Wonder why we suggest that you not let triangle sides that make up the TIN cross the stream? Well, if you did, the stream would appear to run along the side of a hill, instead of down a valley as it should. In practice, spot elevations would always be measured at several points along the stream, and along ridges as well. Photogrammetrists refer to spot elevations collected along linear features as breaklines (Maune, 2007). We omitted breaklines from this example just to make a point.
You may notice that there is more than one correct way to draw the TIN. As you will see, deciding which spot elevations are "near neighbors" and which are not is subjective in some cases. Related to this element of subjectivity is the fact that the fidelity of a contour map depends in large part on the distribution of spot elevations on which it is based. In general, the density of spot elevations should be greater where terrain elevations vary greatly, and sparser where the terrain varies subtly. Similarly, the smaller the contour interval you intend to use, the more spot elevations you need. In the example below, we use a contour interval of 100.
There are algorithms for triangulating from irregular arrays of point elevations that produce unique solutions. One approach is called Delaunay Triangulation which, in one of its constrained forms, is useful for representing terrain surfaces. The distinguishing geometric characteristic of a Delaunay triangulation is that a circle surrounding each triangle side does not contain any other vertex.

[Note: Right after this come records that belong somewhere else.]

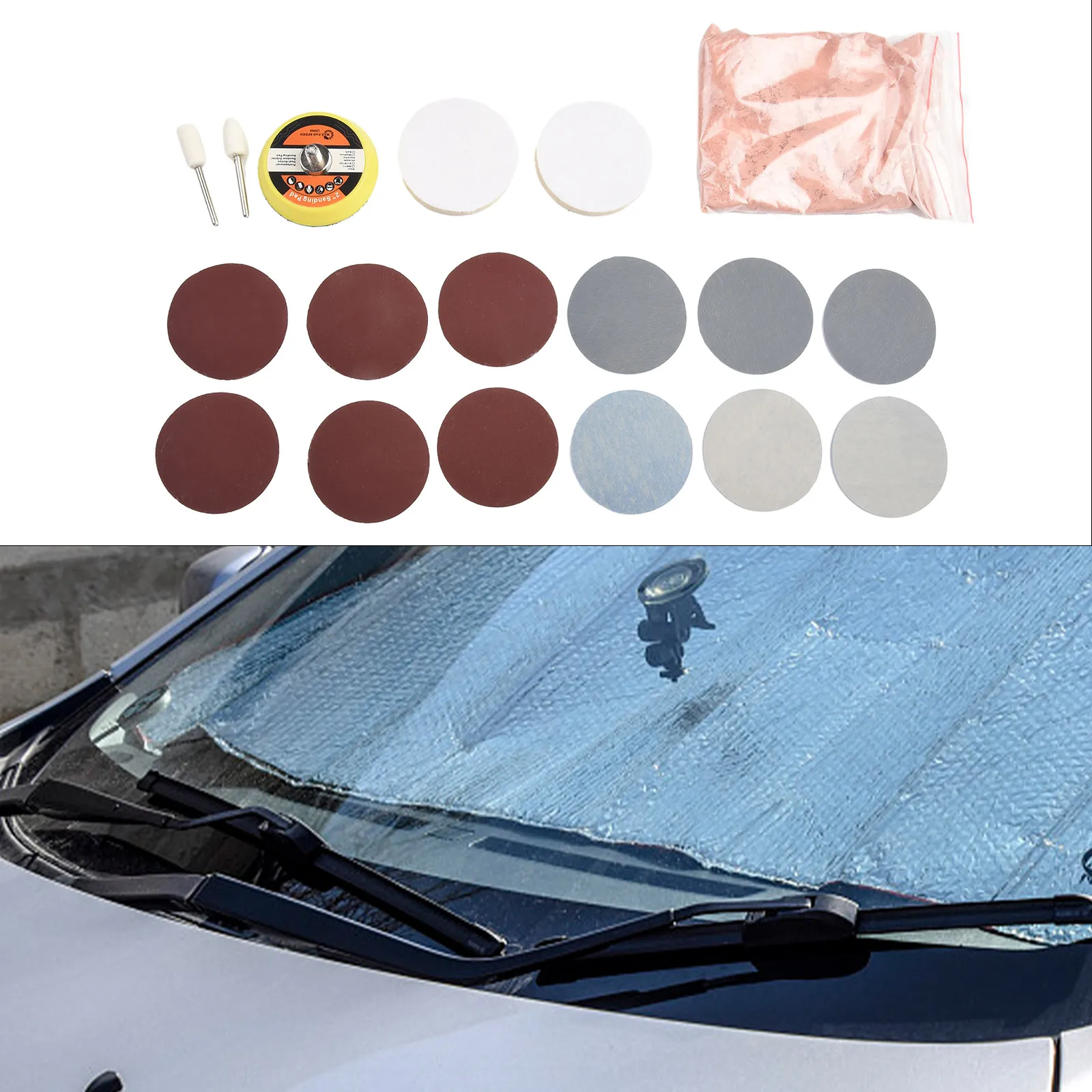 20pcs Car Windshield Glass Scratch Remover Cerium Oxide Powder Glass Polishing Kit Automobile Repair Maintenance Polishing Part
20pcs Car Windshield Glass Scratch Remover Cerium Oxide Powder Glass Polishing Kit Automobile Repair Maintenance Polishing Part
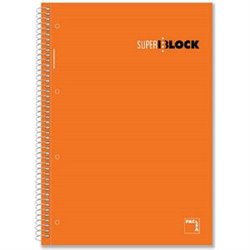 LIBRETA SUPERBLOCK A4 160H 5X5 60GR TAPA DURA COLOR SURTIDOS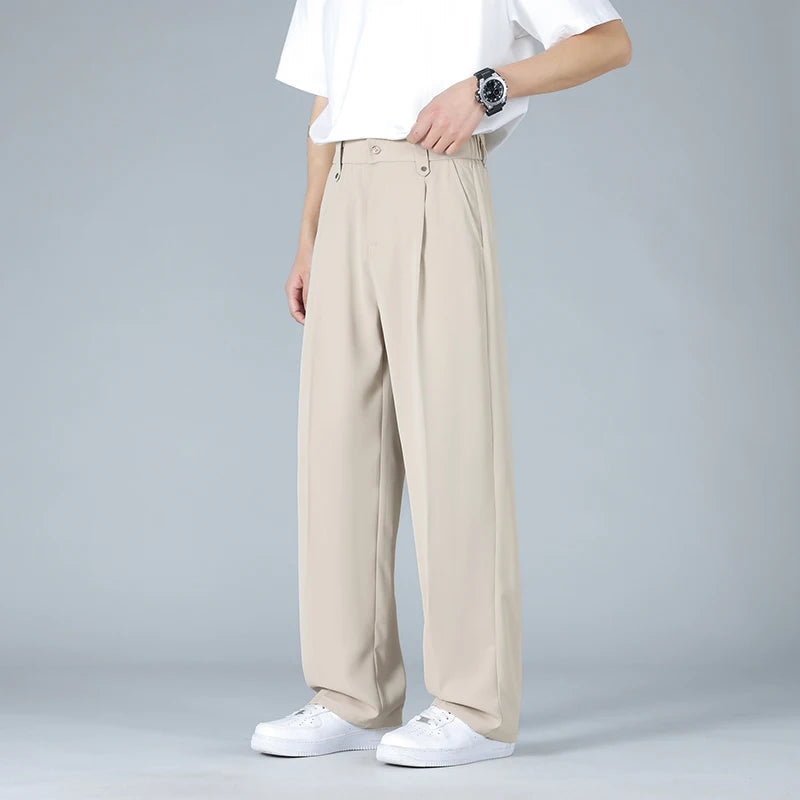 Men's Dress Trousers Soft Breathable Fabric Relaxed Fit Pleated Front Gray 0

Now, draw ticks to mark the points at which elevation contours intersect each triangle side. As noted above, we will use a contour interval of 100 feet in this example, with each contour line representing some increment of 100. For instance, see the triangle side that connects the spot elevations 2360 and 2480 in the lower left corner of the illustration above? One tick mark is drawn on the triangle where a contour representing elevation 2400 intersects. Now find the two spot elevations, 2480 and 2750, in the same lower left corner. Note that three tick marks are placed where contours representing elevations 2500, 2600, and 2700 intersect.
This step should remind you of the equal interval classification scheme you read about in Chapter 3. The right choice of contour interval depends on the goal of the mapping project. In general, contour intervals increase in proportion to the variability of the terrain surface. It should be noted that the assumption that elevations increase or decrease at a constant rate is not always correct, of course. We will consider that issue in more detail later.

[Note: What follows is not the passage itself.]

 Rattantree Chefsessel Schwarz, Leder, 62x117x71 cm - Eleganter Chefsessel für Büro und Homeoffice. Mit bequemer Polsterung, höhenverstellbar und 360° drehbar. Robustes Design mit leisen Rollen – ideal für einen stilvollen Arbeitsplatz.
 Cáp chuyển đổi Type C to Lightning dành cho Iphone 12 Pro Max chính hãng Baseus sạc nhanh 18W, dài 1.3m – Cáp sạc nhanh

Finally, draw your contour lines. Working downslope from the highest elevation, thread contours through ticks of equal value. Move to the next highest elevation when the surface seems ambiguous.
Keep in mind the following characteristics of contour lines (Rabenhorst and McDermott, 1989):
- Contours should always point upstream in valleys.

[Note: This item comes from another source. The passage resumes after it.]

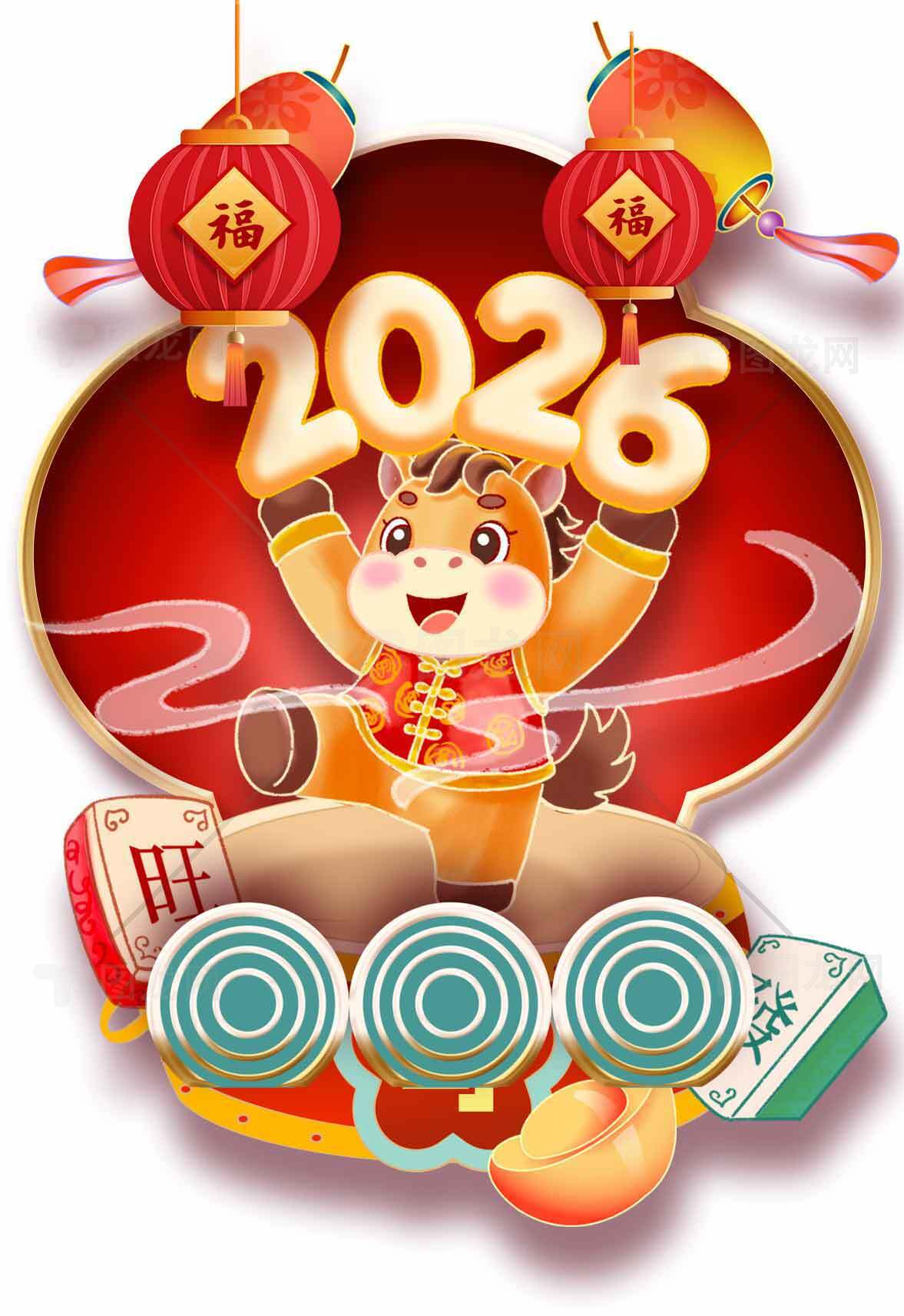 2026年生肖马新年贺图设计素材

- Contours should always point downridge along ridges.
- Adjacent contours should always be sequential or equivalent.
- Contours should never split into two.
- Contours should never cross or loop.
- Contours should never spiral.
- Contours should never stop in the middle of a map.
How does your finished map compare with the one we drew below?
Now try your hand at contouring on your own. The purpose of this practice activity is to give you more experience in contouring terrain surfaces.
- First, view an image of an irregular array of 16 spot elevations.
- Print the image.
- Use the procedure outlined in this lesson to draw contour lines that represent the terrain surface that the spot elevations were sampled from. You may find this to be a moderately challenging task that takes about half an hour to do well. TIP: Label the tick marks to make it easier to connect them.
- When finished, compare your result to an existing map.
Here are a couple of somewhat simpler problems and solutions in case you need a little more practice.
You will be asked to demonstrate your contouring ability again in the Lesson 7 Quiz and in the final exam.
Kevin Sabo (personal communication, Winter 2002) remarked that "If you were unfortunate enough to be hand-contouring data in the 1960's and 70's, you may at least have had the aid of a Gerber Variable Scale. (See Joe Gerber's Pajamas) After hand contouring in Lesson 7, I sure wished I had my Gerber!"
8.2.4 Digital Line Graph (DLG)
Digital Line Graphs (DLGs) are vector representations of most of the features and attributes shown on USGS topographic maps. Individual feature sets (outlined in the table below) are encoded in separate digital files. DLGs exist at three scales: small (1:2,000,000), intermediate (1:100,000) and large (1:24,000). Large-scale DLGs are produced in tiles that correspond to the 7.5-minute topographic quadrangles from which they were derived (Digital Line Graphs).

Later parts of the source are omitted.